**Goal of the exercise**: The answer is to be the lines below that lie between the line holding "Engenheiro analisando o" and the line holding "Thumbnail: 2021 RAM 1500 Classic - 1", inclusive, transcribed exactly and free of pictures.
*** Information shown ***
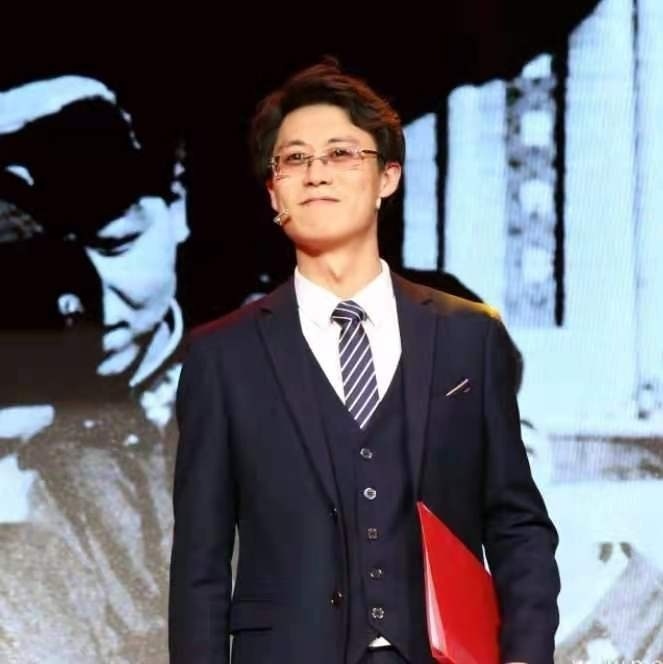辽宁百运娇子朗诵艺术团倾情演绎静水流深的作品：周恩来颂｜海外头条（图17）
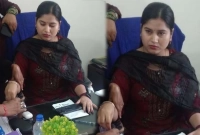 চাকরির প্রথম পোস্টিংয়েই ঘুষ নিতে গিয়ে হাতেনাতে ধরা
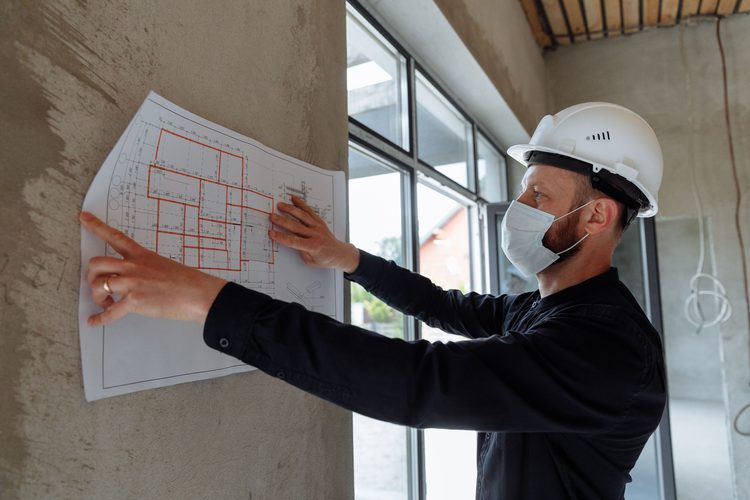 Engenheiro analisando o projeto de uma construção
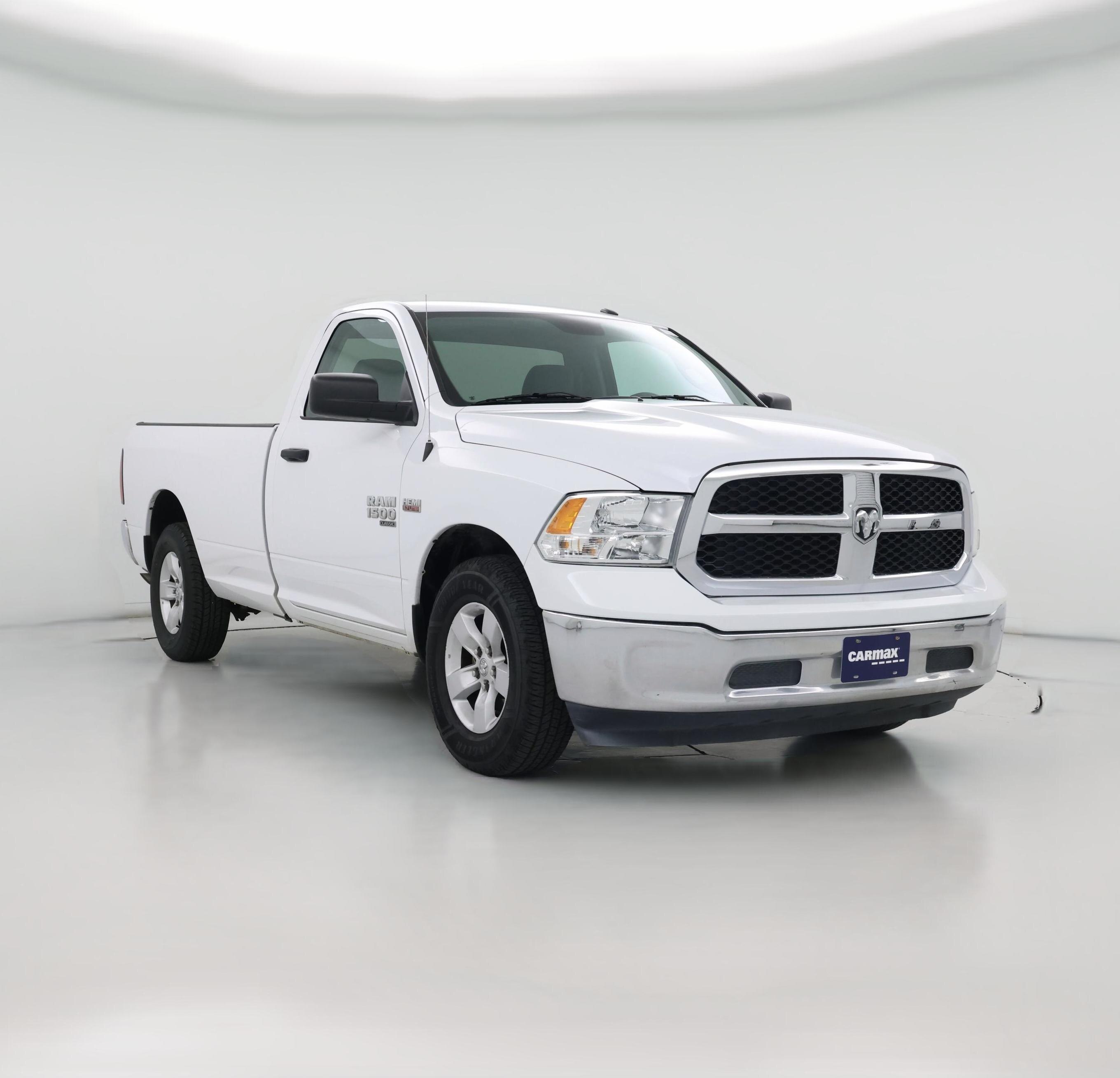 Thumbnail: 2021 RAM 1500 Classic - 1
*** End of Information shown ***
*** Information shown ***
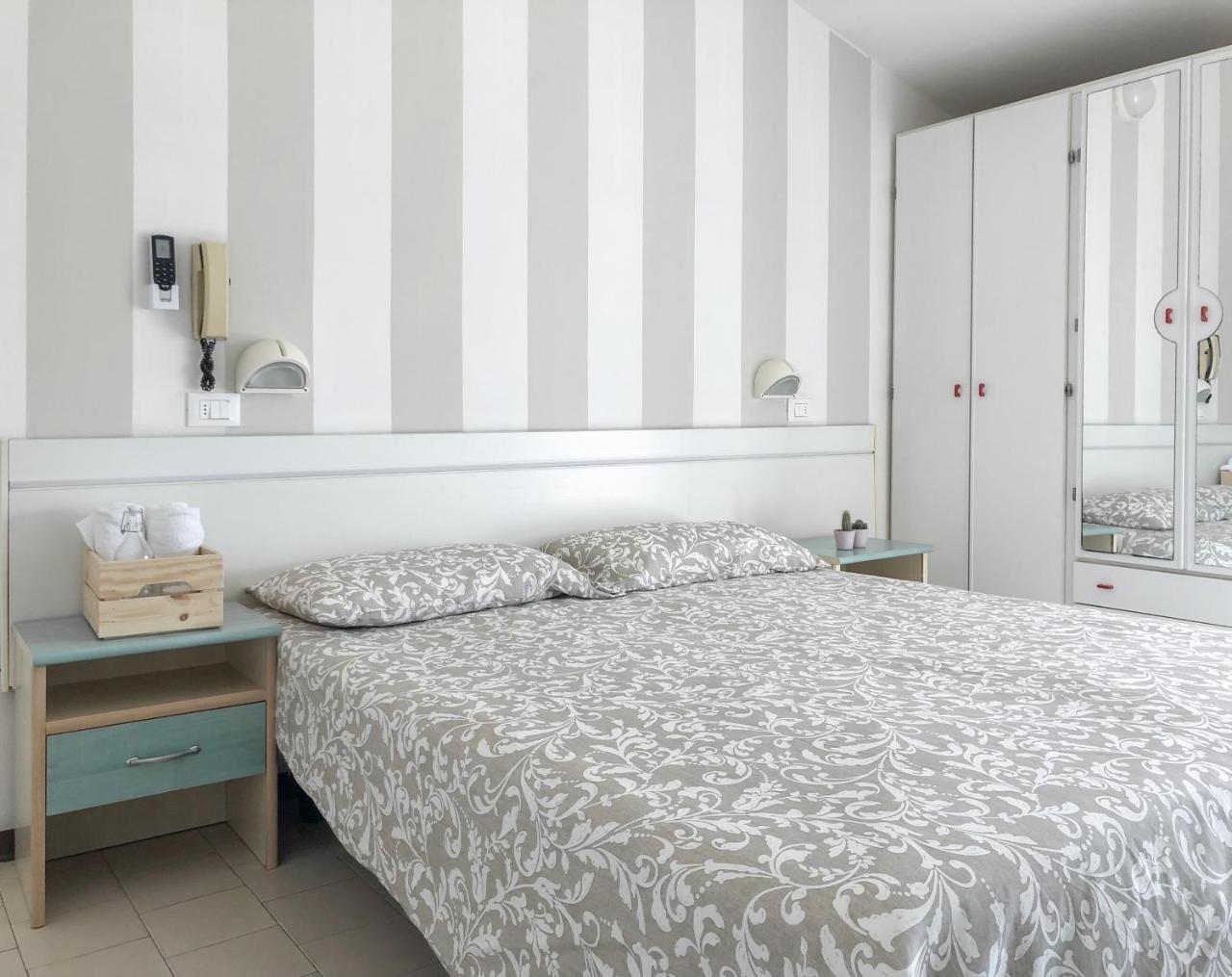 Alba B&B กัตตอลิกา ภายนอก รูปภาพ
*** End of Information shown ***
**Result**:
 Engenheiro analisando o projeto de uma construção
 Thumbnail: 2021 RAM 1500 Classic - 1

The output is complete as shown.